BENER MERIAH, Rabu (20/10/2021) suaraindonesia-news.com – Sejumlah Pelaku Usaha Mikro Kecil dan Menengah (UMKM) Kabupaten Bener Meriah, Aceh, mengeluh terkait sulitnya mengurus administrasi izin usaha, keluhan tersebut disampaikan kepada Anggota DPD RI asal Aceh H Sudirman saat kunker ke Bener Meriah.
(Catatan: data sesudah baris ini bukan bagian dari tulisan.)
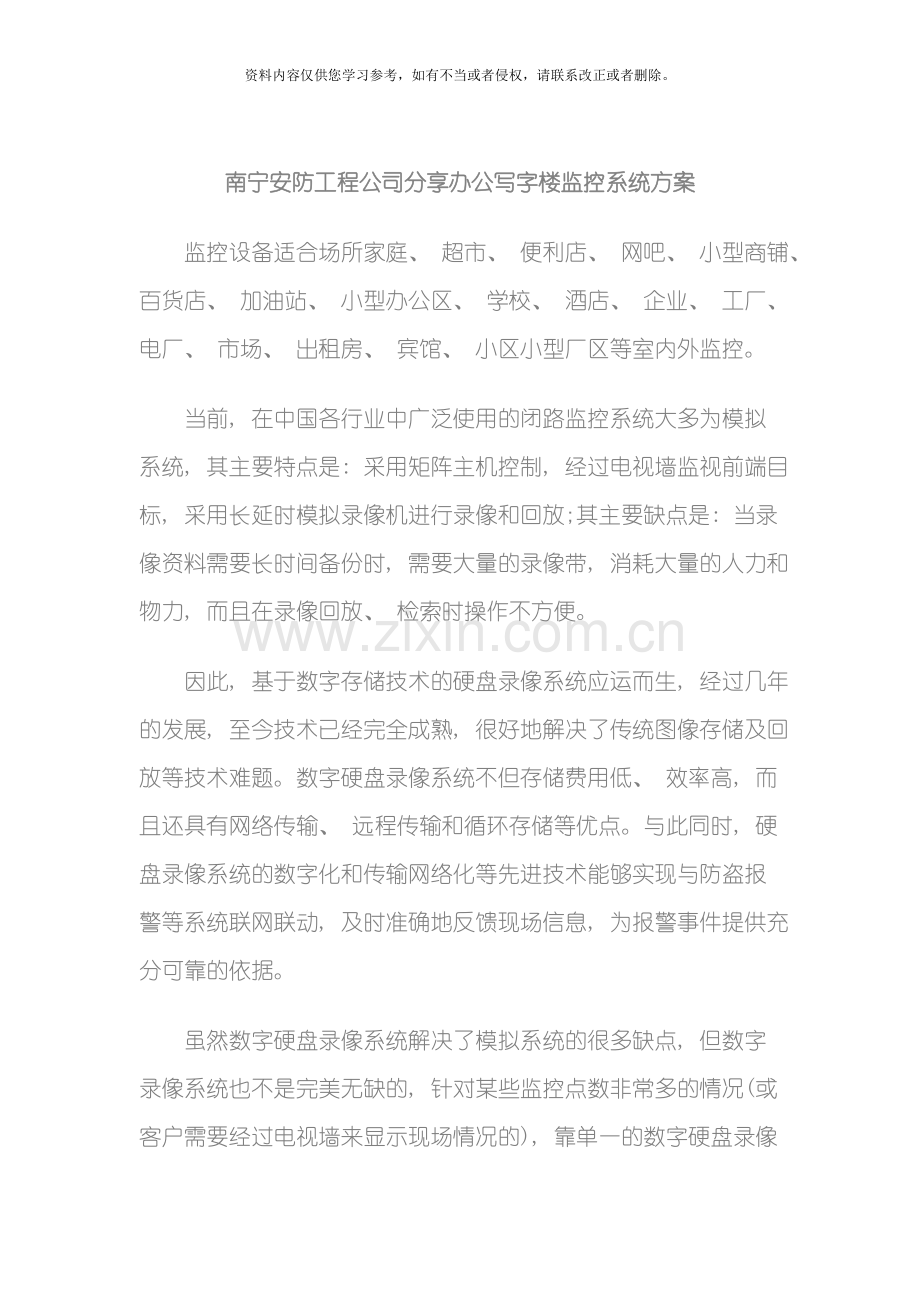 南宁安防工程公司分享办公写字楼监控系统方案模板.doc_第1页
Rabu (20/10).
H Sudirman atau yang akrap disapa Haji Uma menanggapi secara serius terhadap keluhan sejumlah pelaku usaha UMKM selama ini yang kesulitan dalam mengurus izin usaha.
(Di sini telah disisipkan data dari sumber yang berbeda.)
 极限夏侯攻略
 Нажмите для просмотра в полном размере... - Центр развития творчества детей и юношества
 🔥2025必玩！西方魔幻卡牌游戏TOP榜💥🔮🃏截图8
Menurut Haji Uma yang turut didampingi beberapa staf ahlinya mengatakan, ada beberapa persoalan yang disampaikan pelaku UMKM, pertama yaitu bidang pemasaran yang kedua bidang koneksitas dalam perizinan dan lainya.
“Untuk memudahkan melakukan pengurusan adminitrasi kita sudah meminta dinas koperasi dan UKM bersama pelaku UMKM untuk membentuk satu badan independen, seperti kehormatan yang melindungi hukum terhadap pelaku UMKM ini karena tidak semua mereka itu spesialis mengerti hukum terkait dengan produk-produk mereka, termasuk penghubung,” kata Haji Uma.
Menurutnya, penghubung itu sangat penting supaya tidak ada kendala dan memudahkan pengurusan administrasi, baik pengurusan Izin BPOM izin halal, supaya pelaku UMKM ini tidak menyita waktunya untuk melakukan pengurusan itu.
“Penghubung itu bisa berintegrasi dengan semua pelaku UMKM dan itu adalah menjadi ujung tombak dalam menyukseskan izin-izin yang menjadi kendala dalam berusaha, dua hal ini saya sampaikan kepada Dinas koperasi dan UMKM ini,” jelasnya.
Sebelumnya, salah satu Pelaku UMKM yang bergerak usaha di bidang Kopi. Prio Handoko menyampaikan dalam pertemuan dengan anggota DPD RI Haji Uma tentang persoalan sarana dan fasilitas penunjang usaha.
Akses pasar hasil usaha pelaku UMKM, termasuk modal usaha dan pengurusan legalitas dari Badan Pemeriksaan Obat dan Makanan (BPOM) serta sertifikat/label halal.
“Kami pelaku UMKM masih banyak kekurangan maka kami dalam forum ini berharap bisa membantu fasilitasi peningkatkan Usaha, diantaranya tentang administrasi perizinan dan lainnya yang kami butuhkan, supaya kami tidak bermasalah di kemudian hari,” kata Prio yang dibenarkan sejumlah pelaku UMKM lainnya.
Pada kesempatan tersebut Sekretaris dinas Koperasi dan UMKM Bener meriah, Sarahdin menyebutkan, pihaknya akan akomodir itu, demi membangun Kabupaten Bener meriah seperti wacana yang diberikan oleh PLT Bupati pembentukan laboratorium kopi.
“Disana akan dibentuk nanti UPTD sejenis kantor dan akan dikembangkan seperti perizinan dan disampaikan H Sudirman, kami menyambut baik, supaya petani Gayo terutama kopi akan membaik ke depan,“ terangnya.